# Scraped caption text data
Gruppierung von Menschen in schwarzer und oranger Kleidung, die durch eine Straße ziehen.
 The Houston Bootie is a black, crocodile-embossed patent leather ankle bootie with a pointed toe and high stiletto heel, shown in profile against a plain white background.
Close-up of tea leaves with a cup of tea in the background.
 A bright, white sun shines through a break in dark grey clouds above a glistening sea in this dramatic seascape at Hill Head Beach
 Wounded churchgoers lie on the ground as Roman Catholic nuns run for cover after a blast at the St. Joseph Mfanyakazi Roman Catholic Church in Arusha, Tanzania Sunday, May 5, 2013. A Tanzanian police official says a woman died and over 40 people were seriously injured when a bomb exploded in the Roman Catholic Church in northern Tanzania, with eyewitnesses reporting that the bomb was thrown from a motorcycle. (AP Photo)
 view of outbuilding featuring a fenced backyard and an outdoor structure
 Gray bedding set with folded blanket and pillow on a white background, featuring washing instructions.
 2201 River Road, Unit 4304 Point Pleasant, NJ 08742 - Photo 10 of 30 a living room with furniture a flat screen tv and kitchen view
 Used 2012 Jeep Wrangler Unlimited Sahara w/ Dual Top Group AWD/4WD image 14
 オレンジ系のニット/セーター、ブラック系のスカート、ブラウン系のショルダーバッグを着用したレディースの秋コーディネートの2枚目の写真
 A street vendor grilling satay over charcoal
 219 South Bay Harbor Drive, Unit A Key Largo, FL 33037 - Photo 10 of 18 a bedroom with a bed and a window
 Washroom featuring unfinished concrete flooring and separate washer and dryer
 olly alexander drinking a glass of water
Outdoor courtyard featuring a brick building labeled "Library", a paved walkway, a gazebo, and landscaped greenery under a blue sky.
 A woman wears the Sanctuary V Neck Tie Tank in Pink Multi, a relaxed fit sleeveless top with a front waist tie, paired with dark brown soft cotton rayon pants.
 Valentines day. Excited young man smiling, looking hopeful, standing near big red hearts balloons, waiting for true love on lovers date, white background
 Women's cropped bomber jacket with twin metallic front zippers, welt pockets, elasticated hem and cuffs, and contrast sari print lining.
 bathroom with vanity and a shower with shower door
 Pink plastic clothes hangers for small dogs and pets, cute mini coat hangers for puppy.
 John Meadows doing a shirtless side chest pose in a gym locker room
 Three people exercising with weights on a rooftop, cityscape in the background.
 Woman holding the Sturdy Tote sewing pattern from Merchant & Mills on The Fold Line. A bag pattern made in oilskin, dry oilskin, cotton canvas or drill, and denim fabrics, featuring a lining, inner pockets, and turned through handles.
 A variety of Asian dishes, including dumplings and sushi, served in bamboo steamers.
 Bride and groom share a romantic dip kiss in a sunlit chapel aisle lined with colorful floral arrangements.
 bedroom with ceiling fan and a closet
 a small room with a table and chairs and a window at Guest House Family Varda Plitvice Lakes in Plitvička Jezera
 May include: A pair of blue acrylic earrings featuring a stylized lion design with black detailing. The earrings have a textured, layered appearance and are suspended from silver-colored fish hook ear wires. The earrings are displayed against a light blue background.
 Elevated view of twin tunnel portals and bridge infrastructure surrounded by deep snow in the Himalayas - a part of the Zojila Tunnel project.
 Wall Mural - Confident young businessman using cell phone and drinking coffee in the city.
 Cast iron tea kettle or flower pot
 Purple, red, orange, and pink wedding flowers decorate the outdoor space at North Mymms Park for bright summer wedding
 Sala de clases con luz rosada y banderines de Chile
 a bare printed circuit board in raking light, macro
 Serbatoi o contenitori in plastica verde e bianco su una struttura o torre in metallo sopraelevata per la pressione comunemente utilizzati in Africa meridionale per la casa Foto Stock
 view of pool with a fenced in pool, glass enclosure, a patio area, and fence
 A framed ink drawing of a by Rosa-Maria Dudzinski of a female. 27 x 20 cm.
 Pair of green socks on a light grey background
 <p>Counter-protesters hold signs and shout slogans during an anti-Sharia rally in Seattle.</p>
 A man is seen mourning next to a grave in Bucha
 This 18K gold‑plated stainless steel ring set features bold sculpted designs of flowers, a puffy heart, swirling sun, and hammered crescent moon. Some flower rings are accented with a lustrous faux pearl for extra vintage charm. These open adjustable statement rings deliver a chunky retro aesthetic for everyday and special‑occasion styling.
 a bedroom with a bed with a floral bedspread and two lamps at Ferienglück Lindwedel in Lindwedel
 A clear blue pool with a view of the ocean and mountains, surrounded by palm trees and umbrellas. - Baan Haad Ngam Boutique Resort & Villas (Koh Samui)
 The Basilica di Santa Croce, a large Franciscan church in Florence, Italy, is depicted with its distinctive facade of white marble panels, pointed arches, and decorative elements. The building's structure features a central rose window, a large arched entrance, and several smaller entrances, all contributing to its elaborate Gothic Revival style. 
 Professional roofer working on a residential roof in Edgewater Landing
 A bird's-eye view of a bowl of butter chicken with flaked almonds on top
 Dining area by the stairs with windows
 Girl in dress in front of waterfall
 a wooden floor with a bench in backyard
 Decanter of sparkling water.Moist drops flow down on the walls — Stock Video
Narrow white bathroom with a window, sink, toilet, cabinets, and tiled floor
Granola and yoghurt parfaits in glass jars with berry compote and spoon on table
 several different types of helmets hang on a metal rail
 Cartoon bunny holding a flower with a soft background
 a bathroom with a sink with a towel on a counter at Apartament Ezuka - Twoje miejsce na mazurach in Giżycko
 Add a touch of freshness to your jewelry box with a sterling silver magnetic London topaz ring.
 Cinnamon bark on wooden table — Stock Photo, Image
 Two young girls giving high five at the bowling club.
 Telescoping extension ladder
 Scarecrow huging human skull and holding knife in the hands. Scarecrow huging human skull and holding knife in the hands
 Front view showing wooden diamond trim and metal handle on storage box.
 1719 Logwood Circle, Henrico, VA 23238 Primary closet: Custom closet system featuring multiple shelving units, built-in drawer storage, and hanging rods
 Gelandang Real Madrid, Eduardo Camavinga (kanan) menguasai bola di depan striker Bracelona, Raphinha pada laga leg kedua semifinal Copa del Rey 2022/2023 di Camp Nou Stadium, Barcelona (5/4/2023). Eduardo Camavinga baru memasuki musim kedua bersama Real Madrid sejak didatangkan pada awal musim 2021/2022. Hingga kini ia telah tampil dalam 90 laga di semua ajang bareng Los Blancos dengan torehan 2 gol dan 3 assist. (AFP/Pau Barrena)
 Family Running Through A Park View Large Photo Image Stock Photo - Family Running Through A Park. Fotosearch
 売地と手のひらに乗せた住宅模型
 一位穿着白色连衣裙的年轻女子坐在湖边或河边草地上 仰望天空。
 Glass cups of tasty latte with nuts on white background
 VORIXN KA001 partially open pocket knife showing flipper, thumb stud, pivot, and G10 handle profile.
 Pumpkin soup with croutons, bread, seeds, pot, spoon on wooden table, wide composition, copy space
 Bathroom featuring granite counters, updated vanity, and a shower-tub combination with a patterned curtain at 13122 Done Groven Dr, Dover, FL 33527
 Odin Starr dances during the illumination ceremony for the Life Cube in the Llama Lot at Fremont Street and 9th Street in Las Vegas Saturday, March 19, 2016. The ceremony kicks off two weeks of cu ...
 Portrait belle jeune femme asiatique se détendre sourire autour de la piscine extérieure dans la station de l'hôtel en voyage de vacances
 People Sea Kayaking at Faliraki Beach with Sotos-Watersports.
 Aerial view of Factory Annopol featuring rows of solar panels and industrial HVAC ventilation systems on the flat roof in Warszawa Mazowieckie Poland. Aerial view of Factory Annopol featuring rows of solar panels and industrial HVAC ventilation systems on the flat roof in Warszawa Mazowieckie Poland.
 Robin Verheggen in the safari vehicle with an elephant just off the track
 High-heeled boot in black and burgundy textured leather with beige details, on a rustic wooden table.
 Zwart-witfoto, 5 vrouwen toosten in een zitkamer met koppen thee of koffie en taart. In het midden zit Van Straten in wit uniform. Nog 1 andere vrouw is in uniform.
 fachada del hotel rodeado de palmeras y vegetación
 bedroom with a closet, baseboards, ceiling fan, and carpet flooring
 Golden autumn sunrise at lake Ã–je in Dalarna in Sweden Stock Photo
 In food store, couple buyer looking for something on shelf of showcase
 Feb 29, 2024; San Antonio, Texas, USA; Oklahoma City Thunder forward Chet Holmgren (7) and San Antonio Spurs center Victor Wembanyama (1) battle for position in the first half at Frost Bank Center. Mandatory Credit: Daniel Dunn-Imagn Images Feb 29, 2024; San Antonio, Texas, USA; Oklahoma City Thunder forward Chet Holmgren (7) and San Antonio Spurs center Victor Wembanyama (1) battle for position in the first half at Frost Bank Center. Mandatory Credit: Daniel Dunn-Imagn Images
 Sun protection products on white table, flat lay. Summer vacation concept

# YOUR ASSIGNMENT
Copy, exactly and only, the lines above that begin with the one containing "A bird's-eye view" and finish with the one containing "Narrow white bathroom".

# ANSWER TO THIS EXERCISE
 A bird's-eye view of a bowl of butter chicken with flaked almonds on top
 Dining area by the stairs with windows
 Girl in dress in front of waterfall
 a wooden floor with a bench in backyard
 Decanter of sparkling water.Moist drops flow down on the walls — Stock Video
Narrow white bathroom with a window, sink, toilet, cabinets, and tiled floor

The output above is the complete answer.